Poi parte la registrazione con le indicazioni di sicurezza e per un attimo si spengono le luci: una frazione di secondo si spengono e si riaccendono, ma la voce registrata si blocca. Dopo qualche secondo riparte dall’inizio, le hostess si guardano con espressioni tra lo stupito e l’interrogativo, ma poi riprendono il balletto delle indicazioni come nulla fosse. Comincio a sentire tutti i rumori e gli scricchiolii. Forse ci sono sempre stati e io non ci ho mai fatto caso. Ma stavolta c’è qualcosa.

Sono sempre più a disagio. Penso che se cadiamo io ho il portafoglio nello zaino nella cappelliera e quindi faranno più fatica a identificarmi. E poi a Parigi ho già cambiato tre indirizzi, forse nessuno sa dove vivo adesso. Mando a mio fratello il mio indirizzo, dicendogli che sicuramente non gli servirà mai, ma non si sa mai. Cerco di non far trasparire il mio nervosismo, evito i saluti. Ma mio fratello percepisce il disagio. Mi dice di registrare il suo numero sul telefono anche come ICE 1, e quello di mia cognata come ICE 2, che è la convenzione internazionale in caso di emergenza. In Case of Emergency. Nel caso ci fosse qualcosa che non va.

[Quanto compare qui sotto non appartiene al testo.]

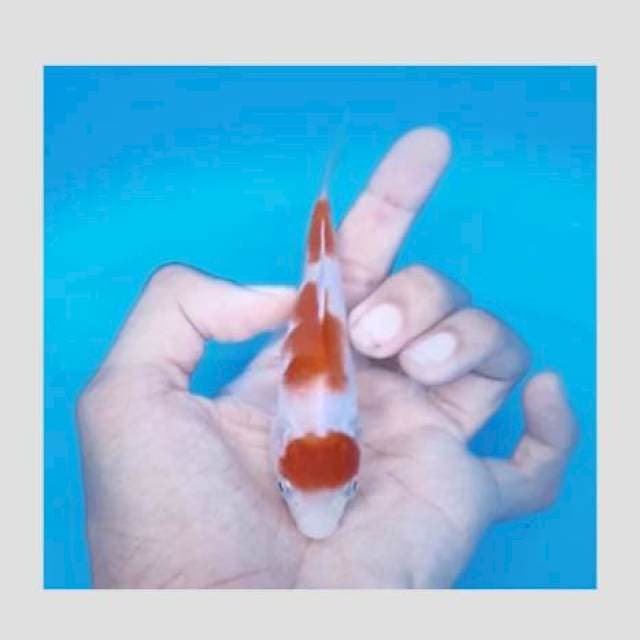 Kohaku maruten prospect 15cm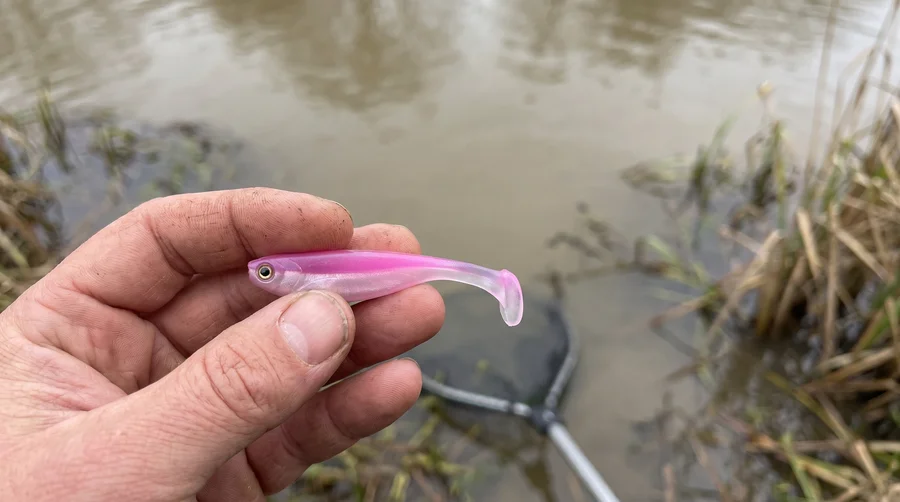 Zite Fishing Inzite Pershad Pink Blush Gummiköder 8 cm – 7 Stück Softbait für Barsch, Zander & Hecht - Barsch, Zander, Hecht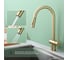 Смеситель для кухни SPLENKA с выдвижным изливом, золотой сатин S204.49.03 4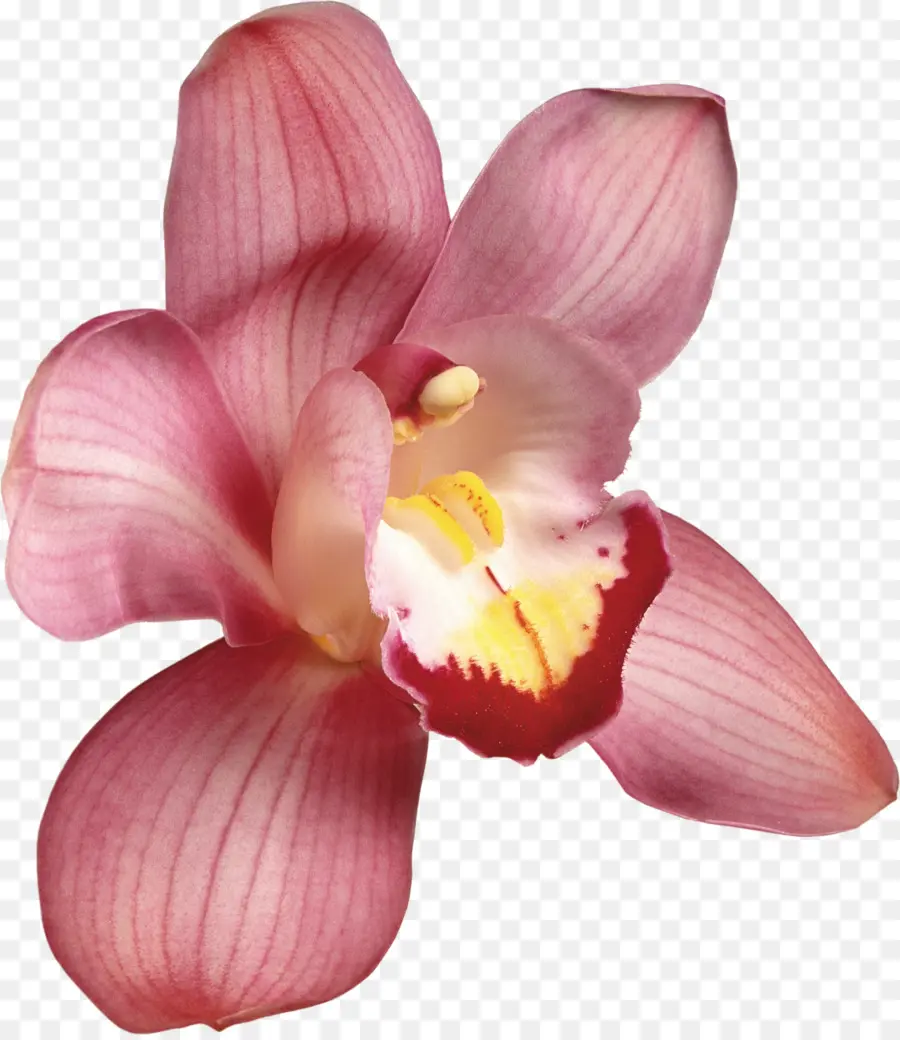 Orquídea，Pétalos PNG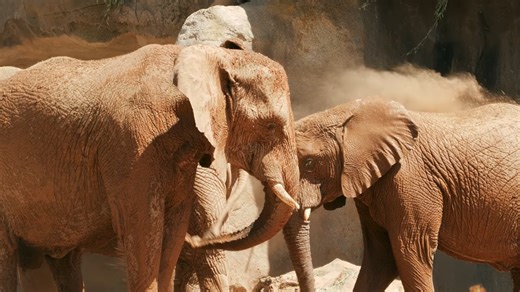 Watch what happens when elephants evolve new defenses against deadly threats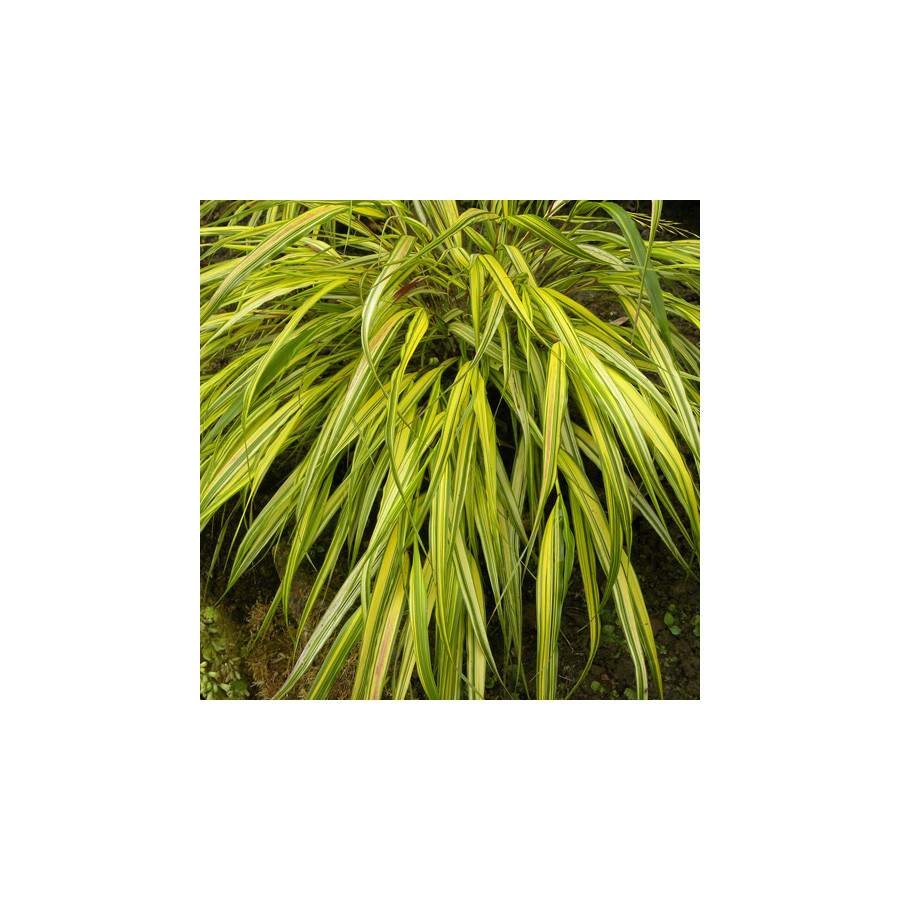 plantes-vivaces-hakonechloa-macra-aureola-herbe-du-japon-en-vente-pepiniere-lepage-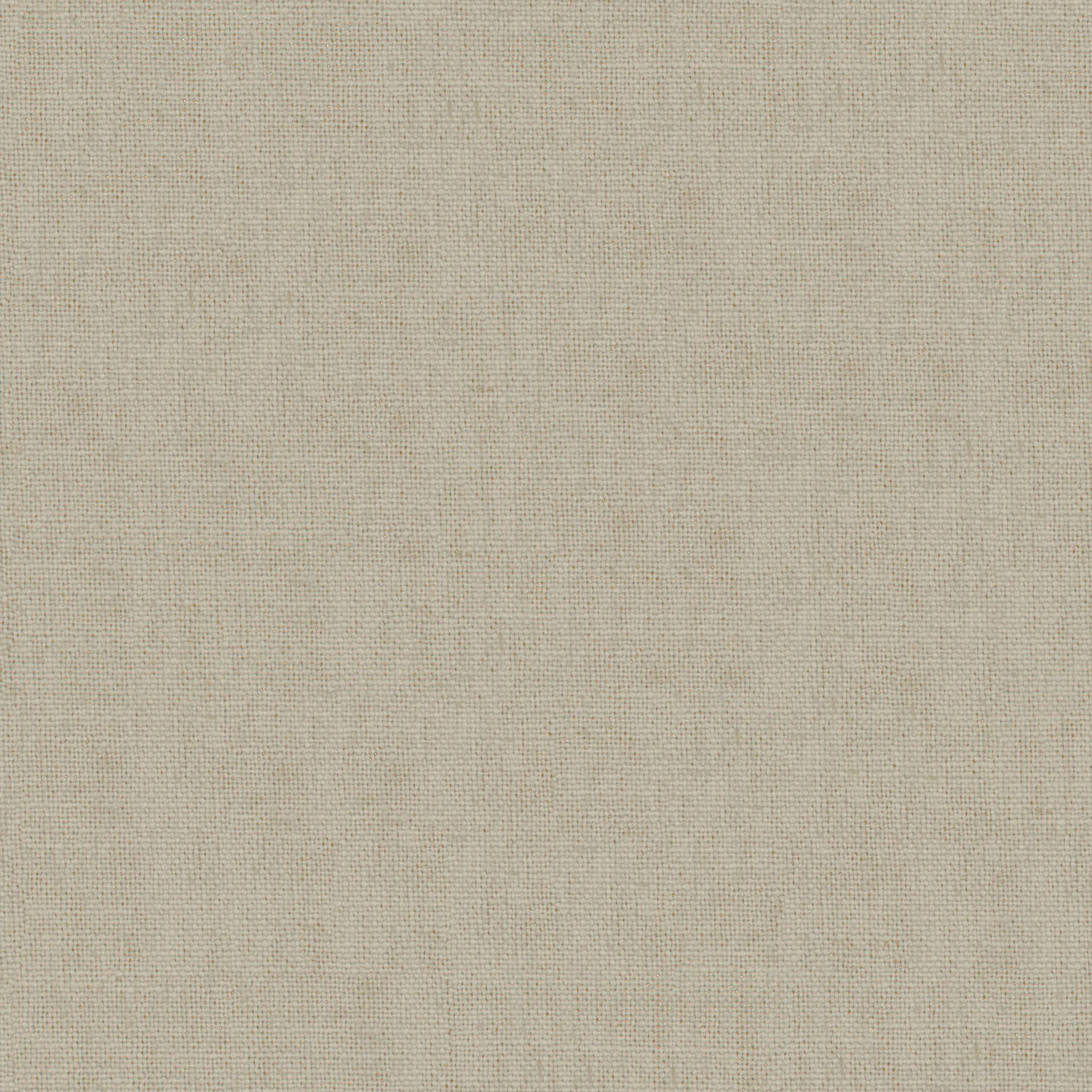 Angora 10 | Canva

Fa caldo, apro un bottone della camicia e mi asciugo il sudore dalla fronte con un fazzoletto di carta. Quasi quasi prendo il portafoglio dallo zaino nella cappelliera e me lo metto in tasca, ma arrivano i miei vicini di posto e si siedono, non voglio fare casino. Siamo stretti stretti, braccio contro braccio e il suo è caldissimo. Spero di addormentarmi prima possibile. Ormai abbiamo già 35 minuti di ritardo, la magia è svanita da un’ora e io ho troppo caldo. Spero di addormentarmi, in questo sono molto bravo e infatti mi addormento. Mi risveglio con un sobbalzo quando le ruote del carrello rimbalzano sulla pista a Charles de Gaulle. Madido di sudore.

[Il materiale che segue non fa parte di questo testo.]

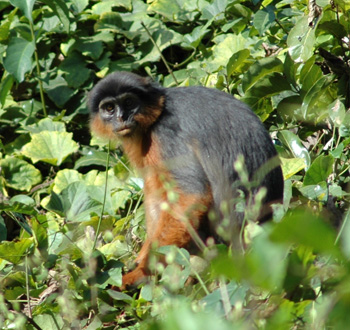 Red Colobus Monkey at Abuko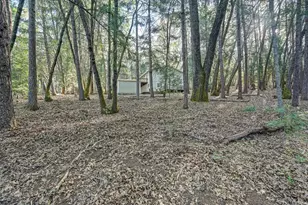 1033 R and R Pl, Colfax, CA 95713 - Photo 59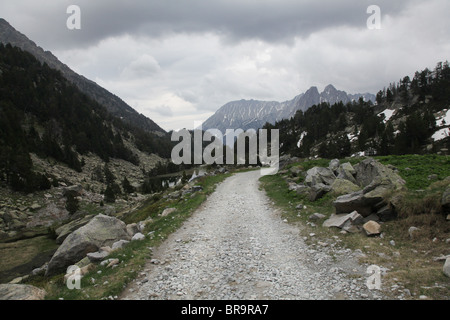 Alpinen Hochwald und Els Encantats Bergspitze auf Pyrenäen Traverse verfolgen Sant Maurici Nationalpark Pyrenäen Spanien Stockfoto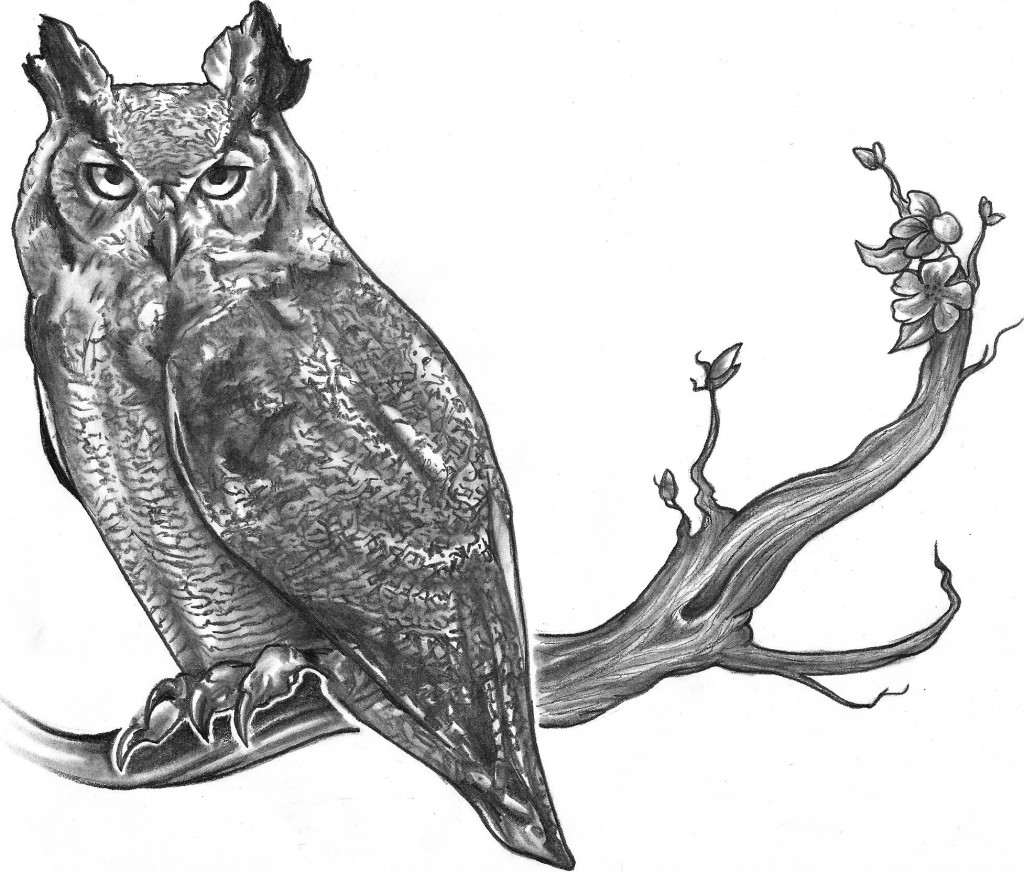 best owl tattoo designs gallery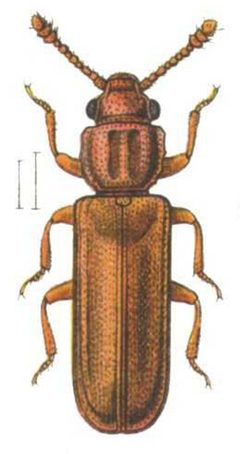 Pediacus.depressus.Reitter by wikipedia. Used under a Public domain license.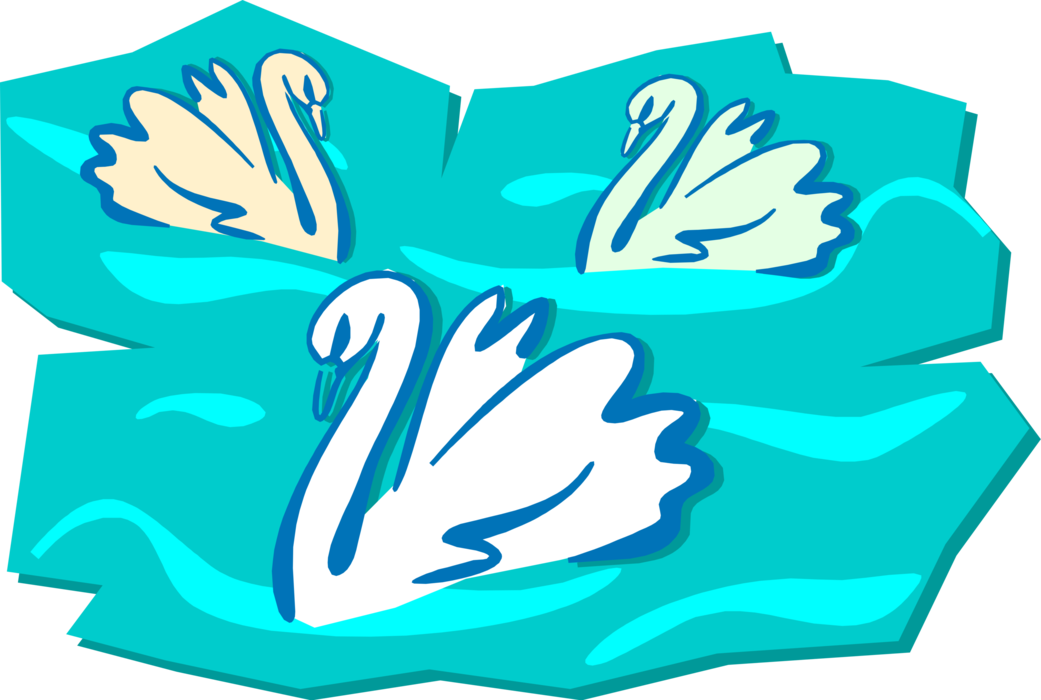 Vector Illustration of Three White Mute Swans Swimming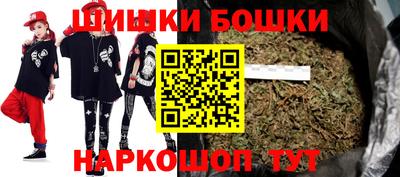 шишки Изобильный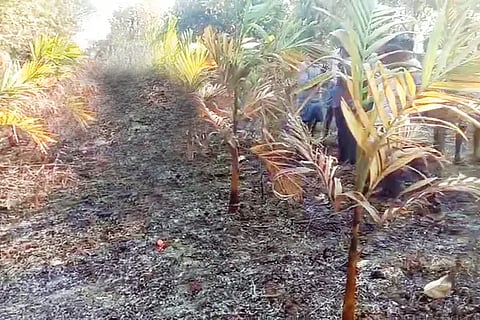 throwed areca nut peel indicate danger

Finalmente ci fermiamo, raccolgo le mie cose (non dimenticare il kindle! anche se non è servito a granché) ed esco dal tubo di latta. Finalmente sulla scaletta una boccata di aria frizzante, un rapido giro col bus fino al terminal, tiro dritto che tanto non ho bagagli in stiva e di nuovo fuori. Chiamo un Uber e Mohammed mi porta a casa, lungo il tragitto chiacchieriamo un po’ e mi rilasso, ma non gli racconto del viaggio. Finalmente a casa e finalmente doccia.

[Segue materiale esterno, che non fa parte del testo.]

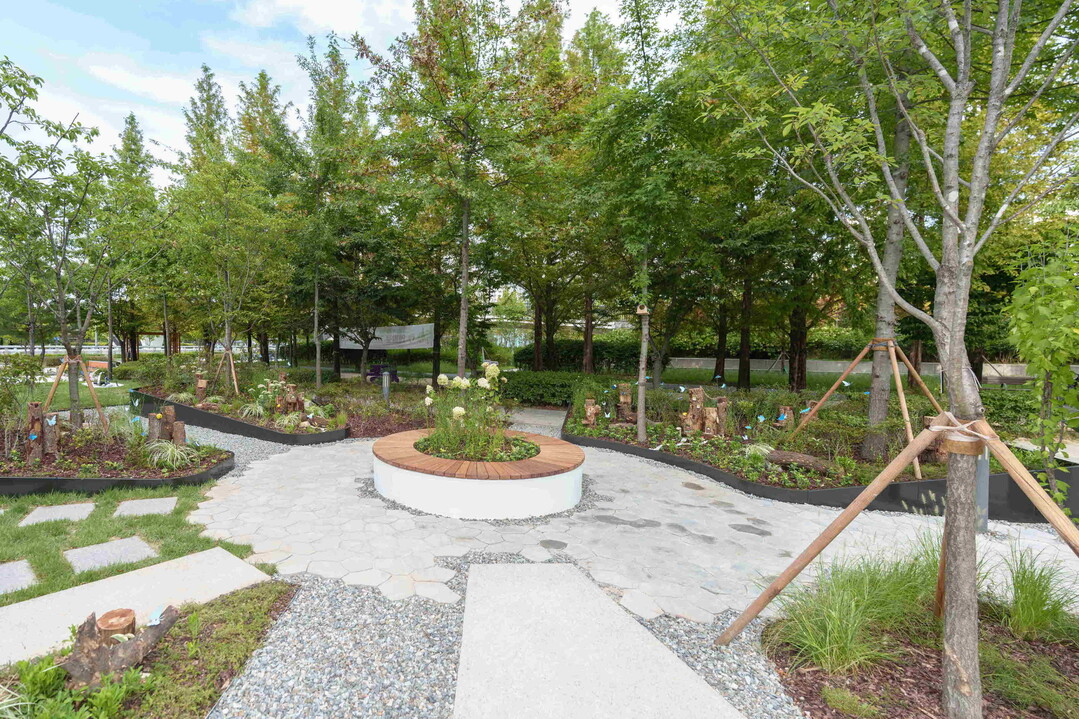 정원 좋아하는 청년들... 6개월 동안 자투리땅에 꿀벌 살리는 정원 만들어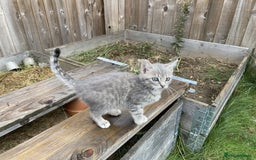 Bengal cats for sale: Three Bengal-Tabby Mix Kittens Ready for New Homes - Image 7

Quel qualcosa che non andava alla fine non c’era, o forse sì: era l’atmosfera guasta. Mi stai sparando come un proiettile nel cielo, e io chiedo solo che siano Barbie e Ken sorridenti ad augurarmi buon viaggio. Invece ho trovato delle semplici persone di domenica sera un po’ scazzate che probabilmente erano stanche più di me.

La magia è svanita. E quando i sogni svaniscono lasciano spazio ai demoni.